はじめに
東京証券取引所(以下、東証)は2月4日、親子上場の在り方への関心が高まっているとして「親子上場等に関する投資者の目線」と題した資料を公開しました。
親子上場のメリットとデメリット
親子上場とは親会社が子会社の過半数の株式を保有し、ともに株式市場に上場している状態をいいます。親子上場のピークは2006年度末に417社でしたが、2024年3月末時点では190社となり、30年ぶりに200社を下回りました。
親子上場は、企業グループの資本効率を高め、子会社を上場させることで資金調達の面や知名度を利用して優秀な人材を確保できるなどのメリットがあります。また、親会社から独立することで、より迅速な経営判断が可能となります。
一方で、親会社が自らの利益を優先すると子会社の利益との相反が生じ、少数株主の利益が損なわれるリスクがあります。他にも、親会社の役員が子会社の役員を兼任している場合が多く、子会社独自の決定が行いにくい側面もあり、先述した「迅速な経営判断」とは相反することもしばしば起こります。
このようにメリットとデメリットが混在している状況ですが、昨今では利益相反やガバナンスの面で問題視されており、投資者からの追求は厳しさを増しています。
親子上場で問題視されていること
東証は「親子上場の在り方への関心が高まっている一方、現状の上場会社による取組みや開示の内容を巡っては、投資者の目線とのギャップが生じているとの指摘が寄せられております」と「親子上場等に関する投資者の目線」を公表した理由を記しています。
具体的な指摘の内容は、現状のグループ経営や少数株主保護に関する取組み、開示について、「依然として大部分の事例で、親子上場の形態をとる意義について、投資者の目線を踏まえた検討が行われていない」「投資者が期待する開示内容とギャップが生じている」と記載されています。
その事例として、「親会社としてどのようなグループ経営の方針を有しているのか?」という質問に対して、親会社からの回答は「当社は子会社の経営の独立性を尊重している。
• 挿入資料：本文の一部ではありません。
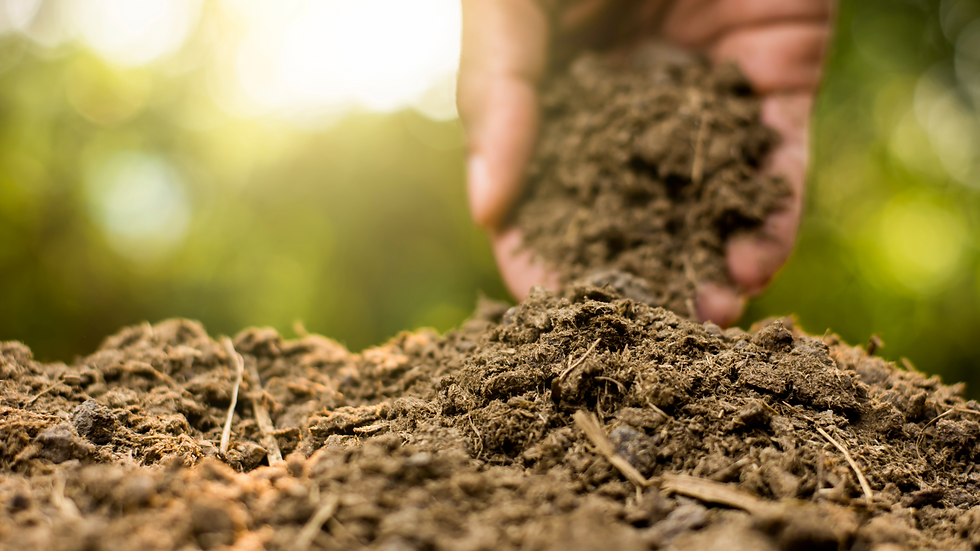 Organic fertilizer with someone holding a handful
子会社の経営については、子会社自身と対話してほしい」といった内容が記されています。
逆に子会社に対して「なぜ親会社の子会社として上場しているのか?その意義は何か?」と投資者が子会社に質問をすると「親会社の意向を踏まえたものであり、親会社に聞いていただきたい」と回答がなされる場面が見受けられるとしています。
親会社に意見や質問をすると、子会社の独立性などを盾に子会社に聞いてほしいと主張。一方、子会社に意見すると親会社の意向なので親会社へ聞いてほしいと矛先を変えられてしまうのでは堂々巡りと言わざるを得ない状態です。このようなラチが明かない状態が続けば、不満や不安を感じる投資者が現れるのは自然なことだと思います。